Past Tenses Quiz: Simple, Continuous, and Perfect

20 multiple-choice questions covering past simple, past continuous, and past perfect. Practise forming each tense correctly and choosing between them in context. Free, instant results — no sign-up needed.

20 questions A2–B1–B2 level Grammar No sign-up
0 out of 20
Good effort!

Keep practising the past tenses.

Past Tenses — FAQ

English has four main past tenses: the past simple (I walked), the past continuous (I was walking), the past perfect (I had walked), and the past perfect continuous (I had been walking). Each tense conveys a different relationship between a past action and other events or the present moment.

We use the past simple for completed actions at a specific time in the past (She left at 8 o'clock), sequences of past events (He came in, sat down, and opened his laptop), habits or repeated actions in the past (We played football every Saturday), and states that existed in the past (They lived in Rome for five years).

The past simple describes a completed action (It rained yesterday), while the past continuous describes an action in progress at a particular moment in the past (It was raining when I left).

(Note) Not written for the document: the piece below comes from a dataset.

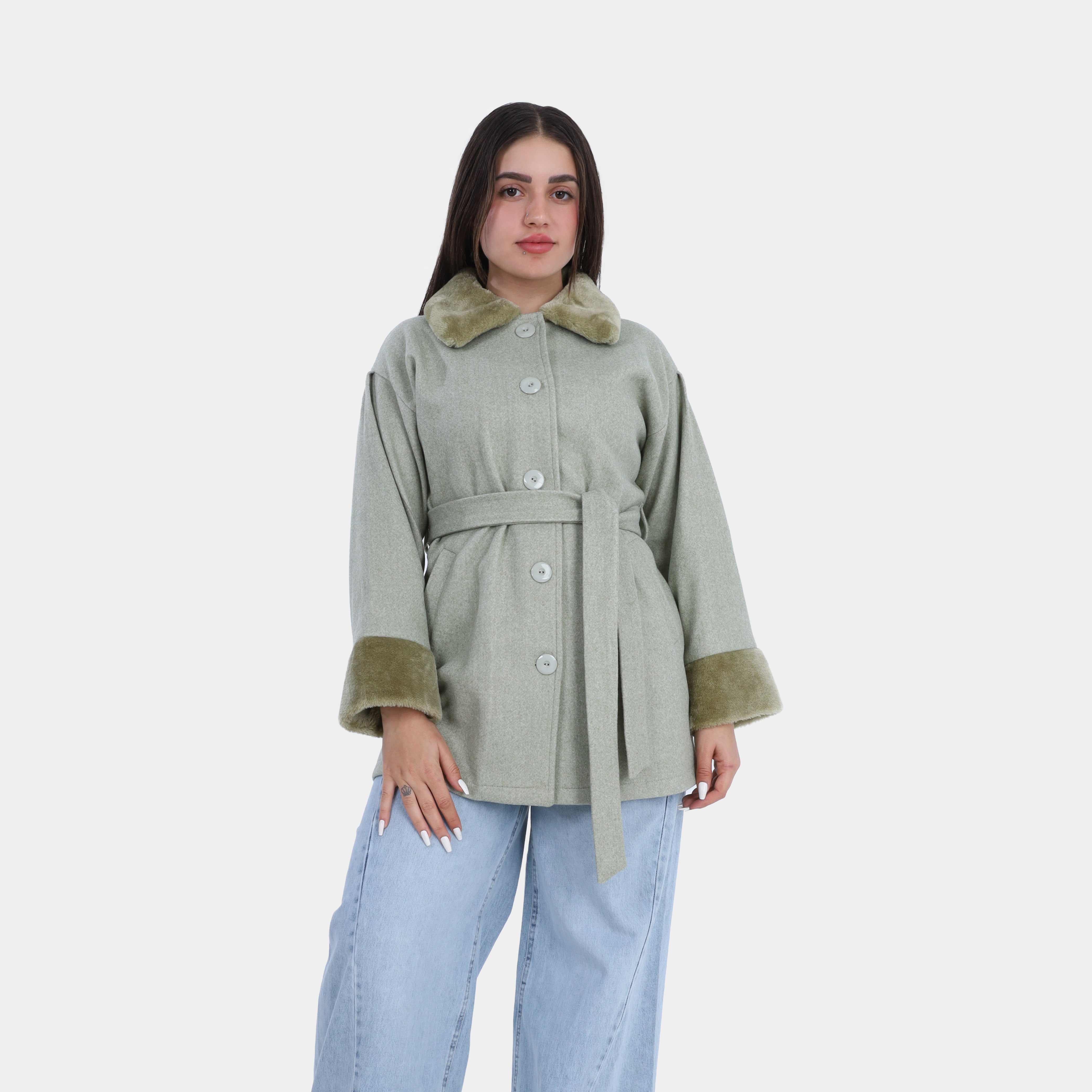 Belted Wool Jacket with Faux Fur Details w714315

The past continuous is also used for a longer background action interrupted by a shorter past simple action: I was cooking dinner when the phone rang.

We use the past perfect (had + past participle) to show that one past action happened before another past action: By the time we arrived, the film had already started. It is also used in reported speech after verbs in the past, in third conditional sentences (If I had known, I would have helped), and after expressions like 'as soon as', 'by the time', and 'after'.

The past continuous is formed with was/were + the -ing form of the verb. Use 'was' with I, he, she, and it, and 'were' with you, we, and they. For example: I was reading a book. They were playing chess. To make negatives, add 'not': She was not (wasn't) listening. For questions, invert the subject and was/were: Were you sleeping?

The past simple is used for actions completed at a known or implied time in the past. The past perfect is used to make it clear that one past action happened before another: When I arrived (past simple), she had already left (past perfect). If only one past action is mentioned, the past simple is usually sufficient. The past perfect becomes essential when the sequence of events needs to be made explicit.

Past simple: yesterday, last week/month/year, in 2010, ago, when I was young, at 6 o'clock. Past continuous: at this time yesterday, while, when (with past simple), all morning/evening. Past perfect: by the time, already, before, after, when, as soon as, by + time expression (by Friday, by noon). These time expressions are reliable clues when deciding which past tense to use.

Common mistakes include: using the past simple instead of the past perfect when showing a sequence (I ate before he came vs. I had eaten before he came); using the past continuous for short completed actions (I was seeing him yesterday instead of I saw him yesterday); forgetting irregular past simple forms (goed instead of went, thinked instead of thought); and confusing 'used to' with the past simple when speaking about past habits.

'Used to + infinitive' and 'would + infinitive' are both used to describe repeated past habits or routines. 'Used to' can also describe past states (I used to live in Paris), while 'would' cannot (not: I would live in Paris meaning I lived there). Neither is a past tense itself, but both work alongside the past simple to add nuance when talking about the past.

Practise by reading narrative texts and noticing how authors switch between past tenses to control timing and focus. Retell stories or describe films and books aloud or in writing, then review your tense choices. Use grammar exercises that focus on contrasting pairs — past simple vs. past continuous, and past simple vs. past perfect — to sharpen your instincts. Regular quizzes like this one provide immediate feedback and help identify gaps.